Task description
In the records below, the lines between the one holding "Greenish-blue-1, variant on" and the one holding "Lely-Welger RPC 160V - Enrubanneuse: photos 4 Lely-Welger", inclusive, are to be transcribed exactly; no pictures are to be included.

Input material
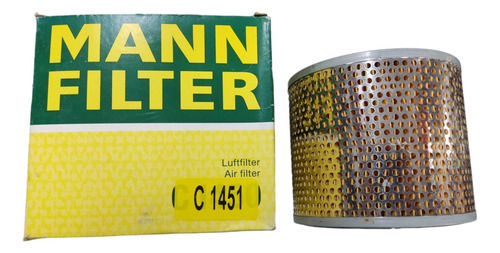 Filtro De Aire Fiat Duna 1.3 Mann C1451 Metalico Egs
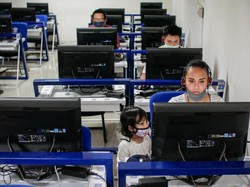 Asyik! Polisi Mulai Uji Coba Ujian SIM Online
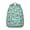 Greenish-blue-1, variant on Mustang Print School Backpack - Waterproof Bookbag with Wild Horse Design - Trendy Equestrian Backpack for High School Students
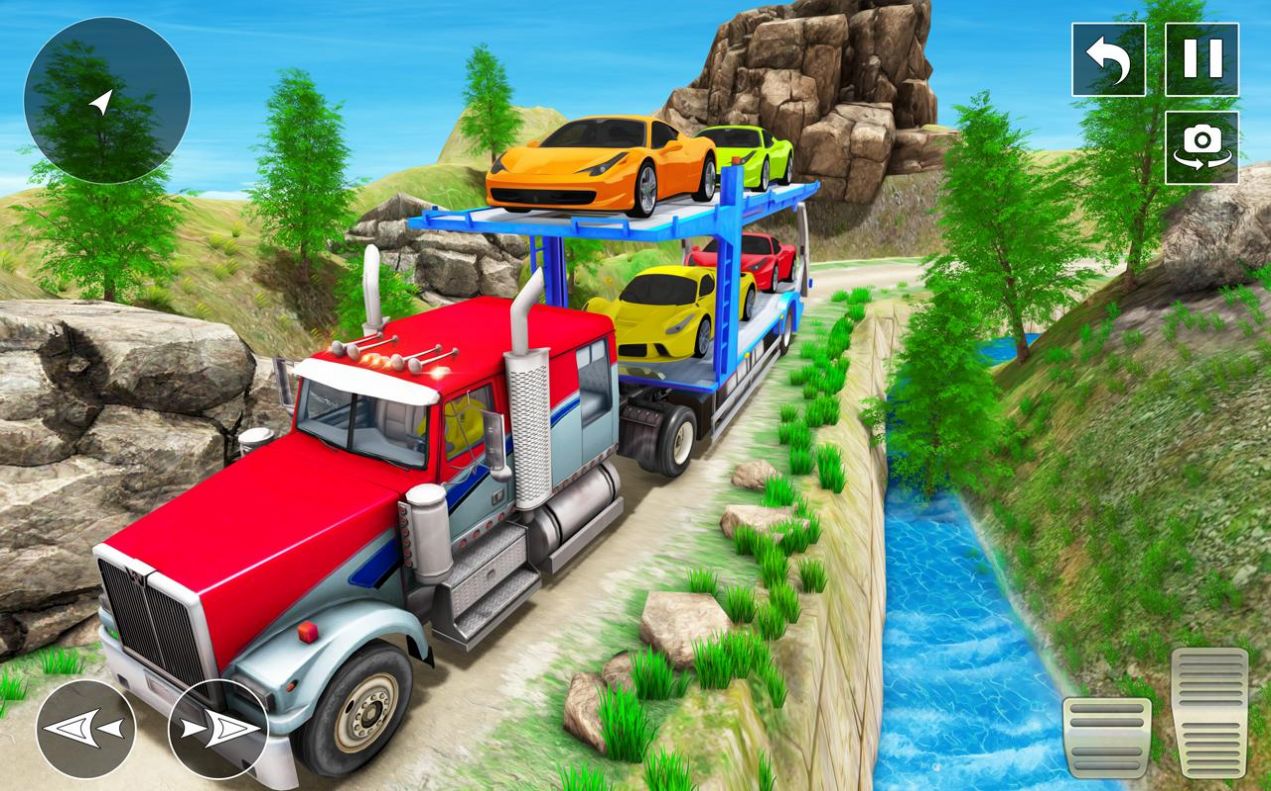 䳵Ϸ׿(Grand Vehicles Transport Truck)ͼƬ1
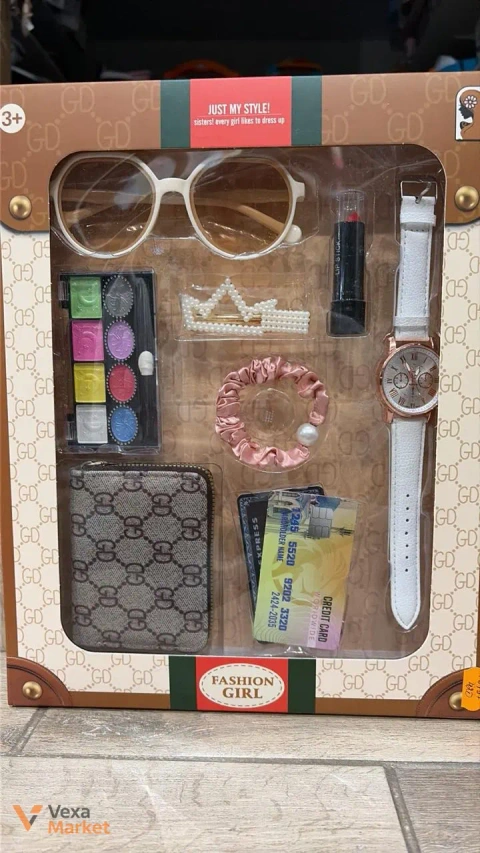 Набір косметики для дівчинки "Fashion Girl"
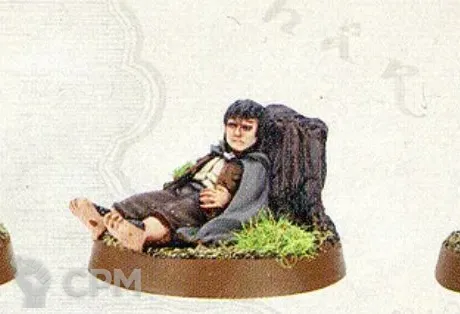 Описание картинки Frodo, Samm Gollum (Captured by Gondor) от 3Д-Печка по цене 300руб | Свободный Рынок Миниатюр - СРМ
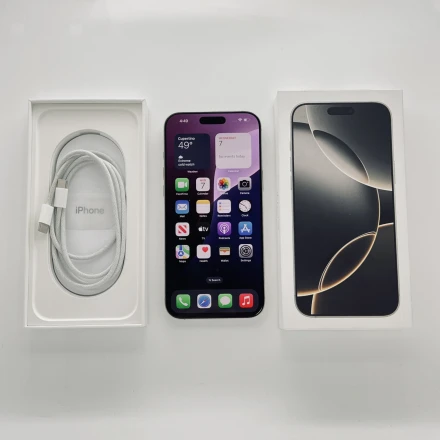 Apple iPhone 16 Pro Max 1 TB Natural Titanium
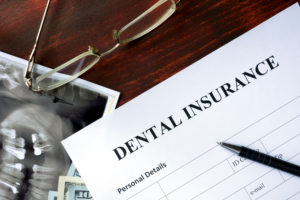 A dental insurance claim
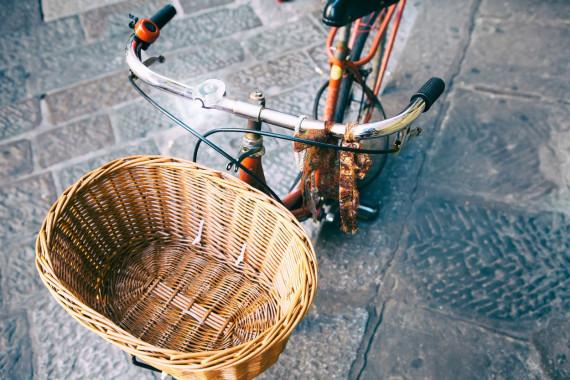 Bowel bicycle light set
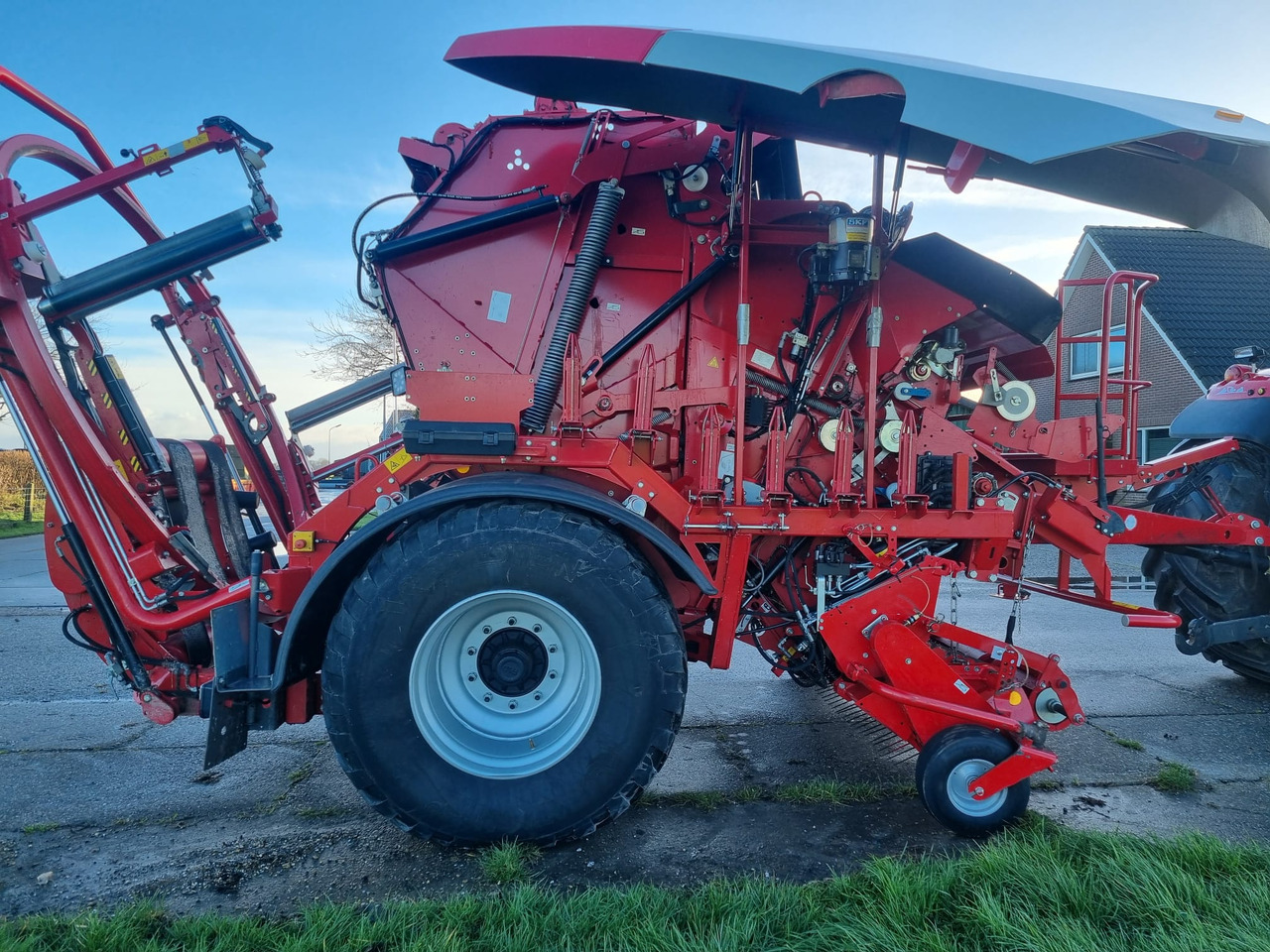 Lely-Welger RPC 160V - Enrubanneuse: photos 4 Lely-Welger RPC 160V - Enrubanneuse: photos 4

--

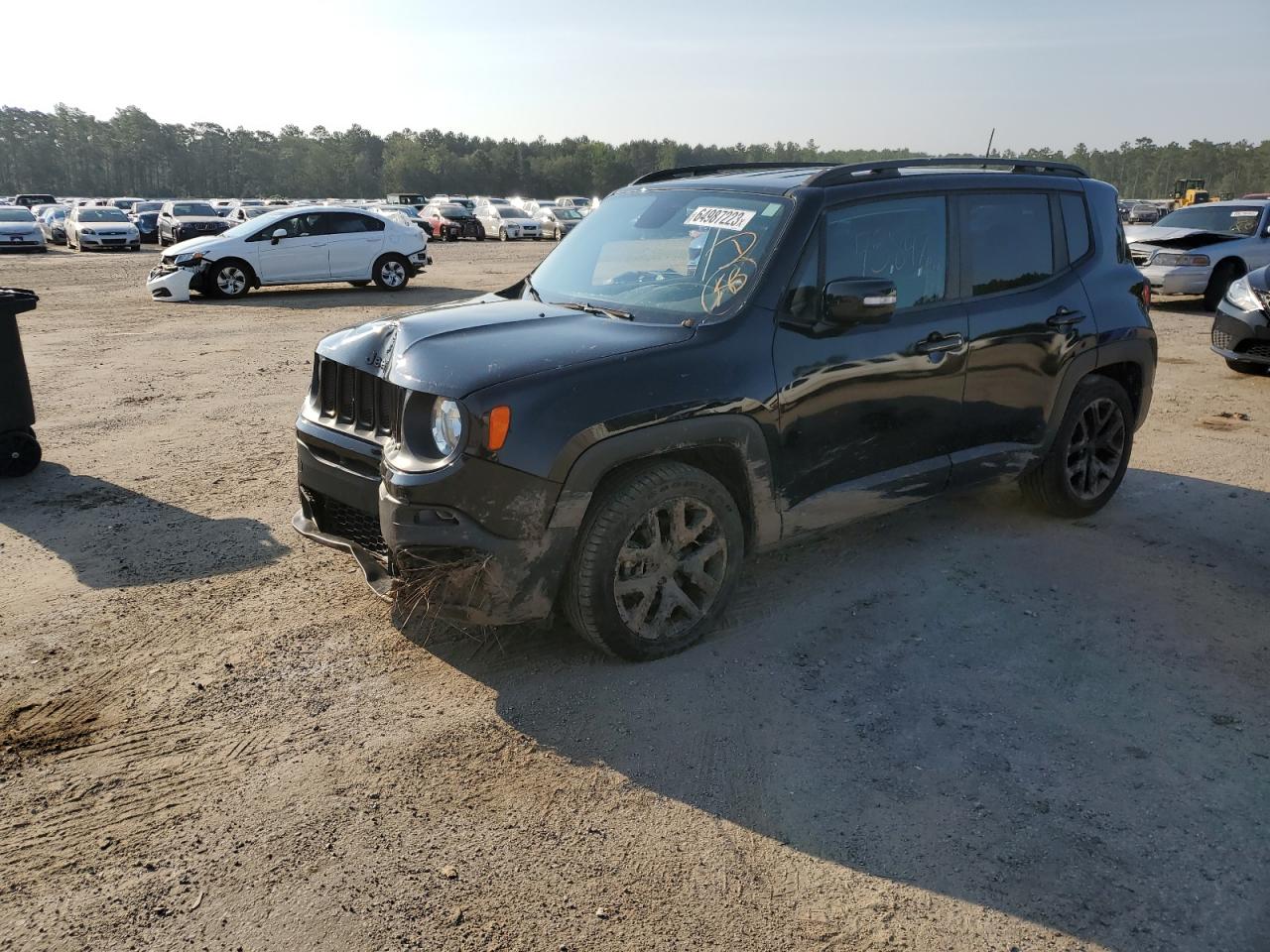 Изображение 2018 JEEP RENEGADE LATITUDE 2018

Response to the exercise
 Greenish-blue-1, variant on Mustang Print School Backpack - Waterproof Bookbag with Wild Horse Design - Trendy Equestrian Backpack for High School Students
 䳵Ϸ׿(Grand Vehicles Transport Truck)ͼƬ1
 Набір косметики для дівчинки "Fashion Girl"
 Описание картинки Frodo, Samm Gollum (Captured by Gondor) от 3Д-Печка по цене 300руб | Свободный Рынок Миниатюр - СРМ
 Apple iPhone 16 Pro Max 1 TB Natural Titanium
 A dental insurance claim
 Bowel bicycle light set
 Lely-Welger RPC 160V - Enrubanneuse: photos 4 Lely-Welger RPC 160V - Enrubanneuse: photos 4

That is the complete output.